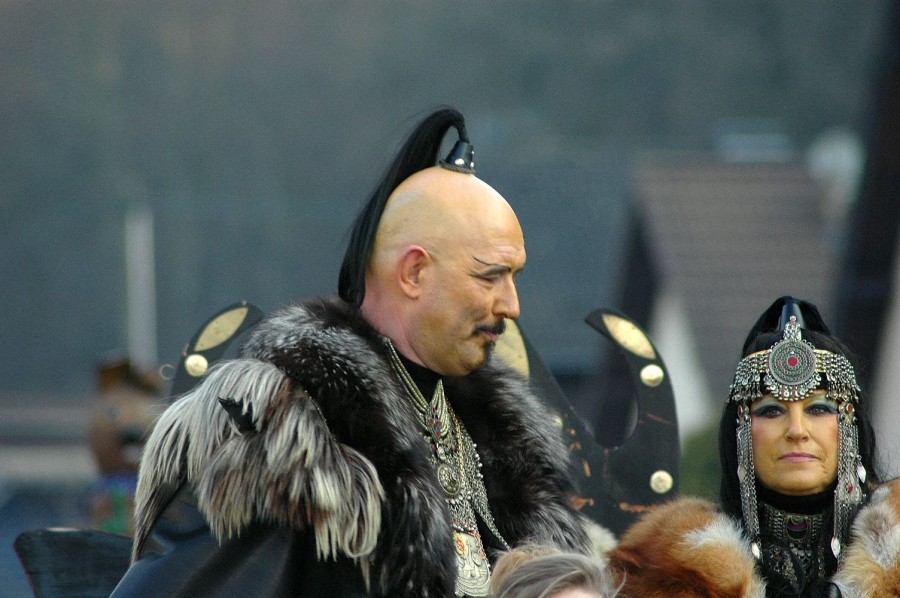 Foto Karnevalszug 2005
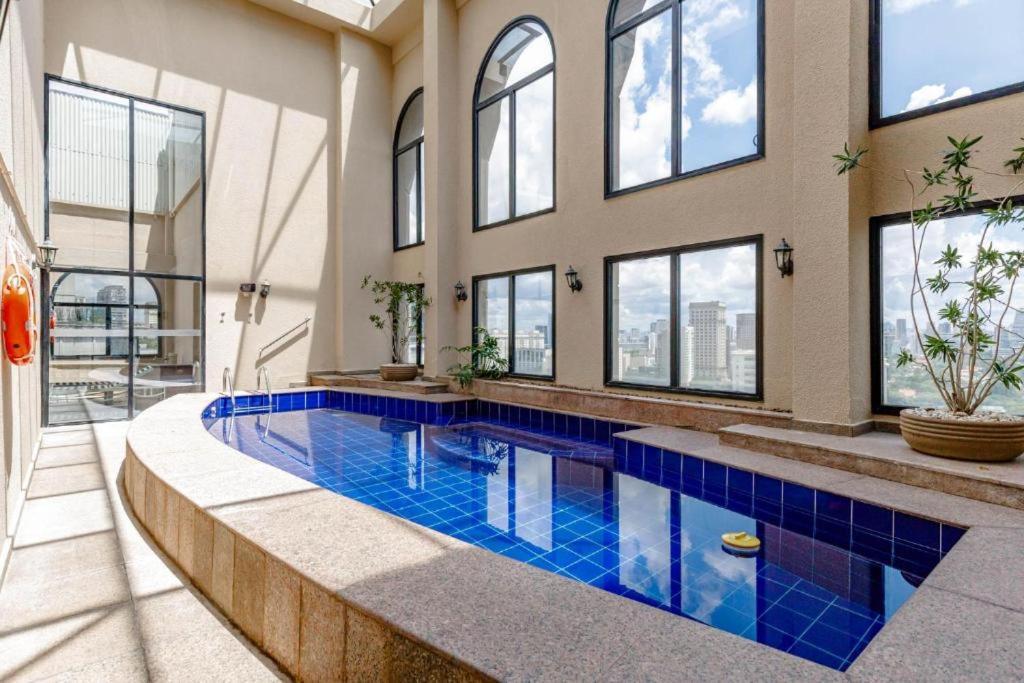 Apartamento Itaim Bibi Club Hoteling Business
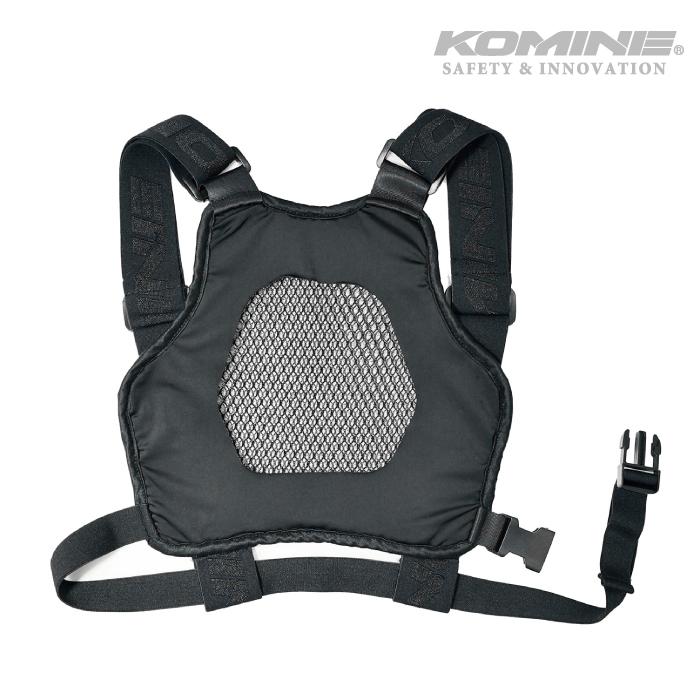 コミネ（Komine） プロテクター KK-907 KOMINE チェストプレートベース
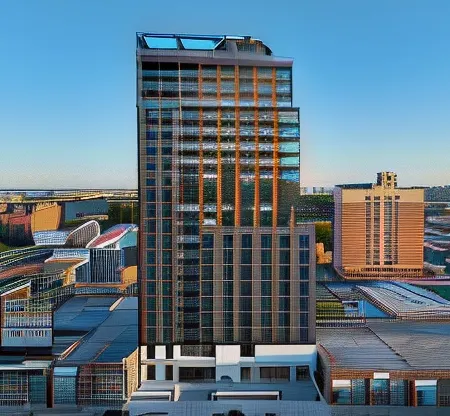 Holiday Inn Express LONG ISLAND CITY E - NEW YORK by IHG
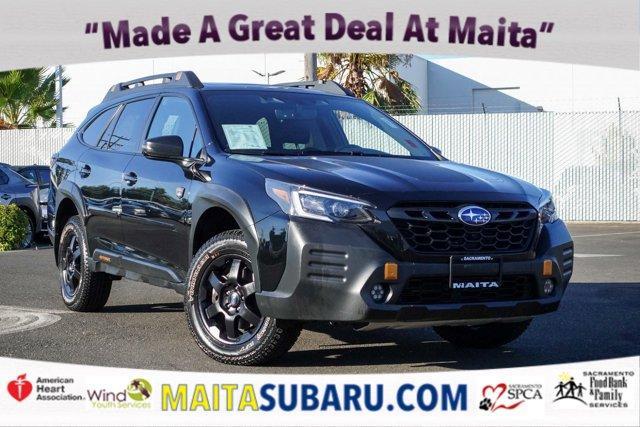 used 2023 Subaru Outback car, priced at $31,125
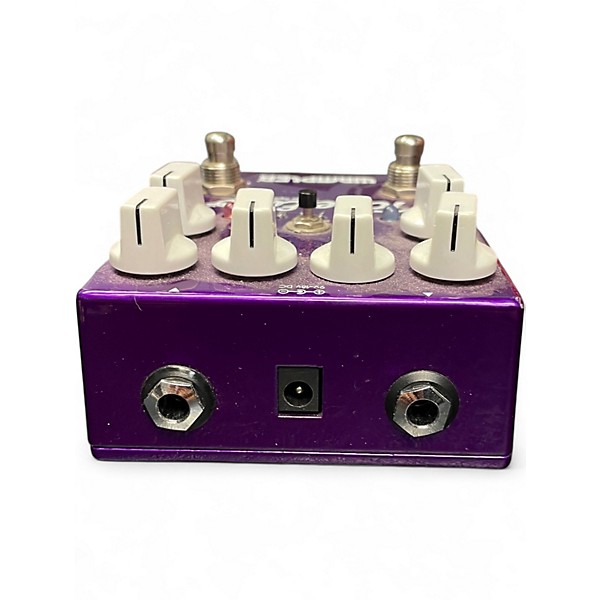Used 2010s Wampler Faux Tape Echo Delay Effect Pedal
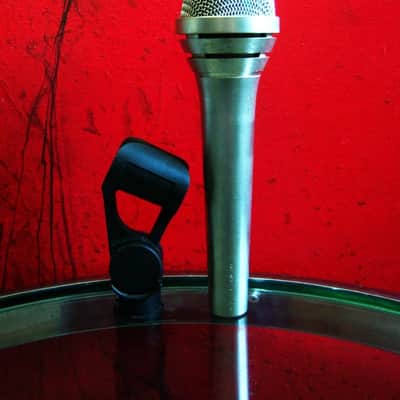 Vintage 1970's AKG D320B dynamic "hyper" cardioid microphone w accessories D330BT D1000E D190E image 13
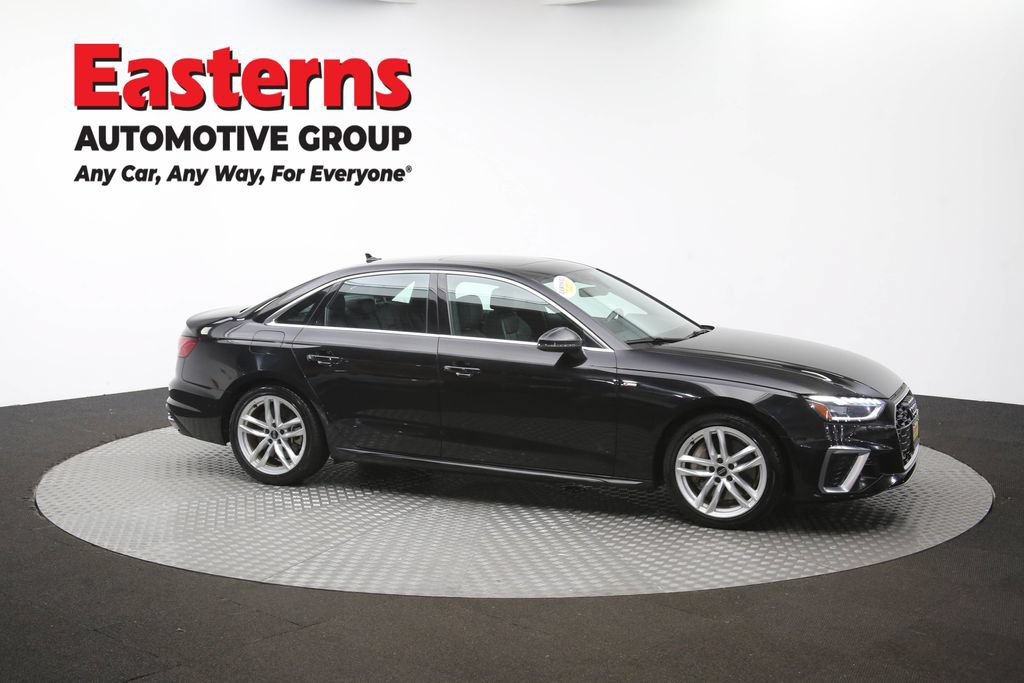 Used 2024 Audi A4 2.0T Premium Plus AWD/4WD image 46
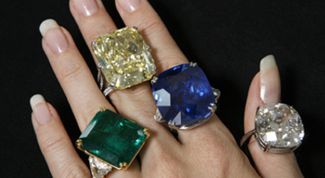 Картинка по теме - как носить кольца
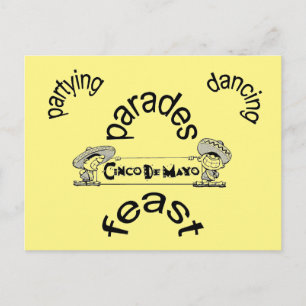 Parades- Postcard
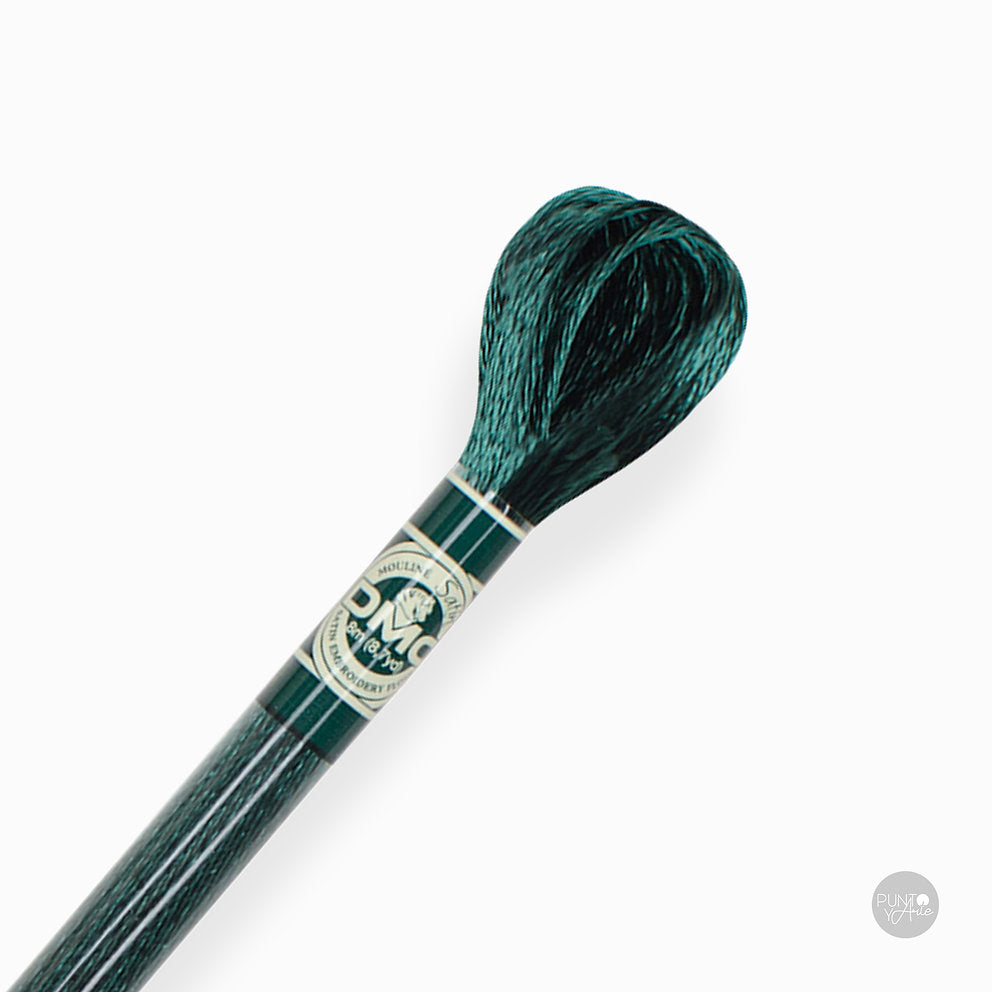 Hilo DMC Mouliné Satin - Brillante y Resistente 1008F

◆ **What the task requires**
Would it be possible to copy the material exactly, excluding the images?

◆ **Answer for this exercise**
 Foto Karnevalszug 2005
 Apartamento Itaim Bibi Club Hoteling Business
 コミネ（Komine） プロテクター KK-907 KOMINE チェストプレートベース
 Holiday Inn Express LONG ISLAND CITY E - NEW YORK by IHG
 used 2023 Subaru Outback car, priced at $31,125
Used 2010s Wampler Faux Tape Echo Delay Effect Pedal
 Vintage 1970's AKG D320B dynamic "hyper" cardioid microphone w accessories D330BT D1000E D190E image 13
 Used 2024 Audi A4 2.0T Premium Plus AWD/4WD image 46
 Картинка по теме - как носить кольца
 Parades- Postcard
 Hilo DMC Mouliné Satin - Brillante y Resistente 1008F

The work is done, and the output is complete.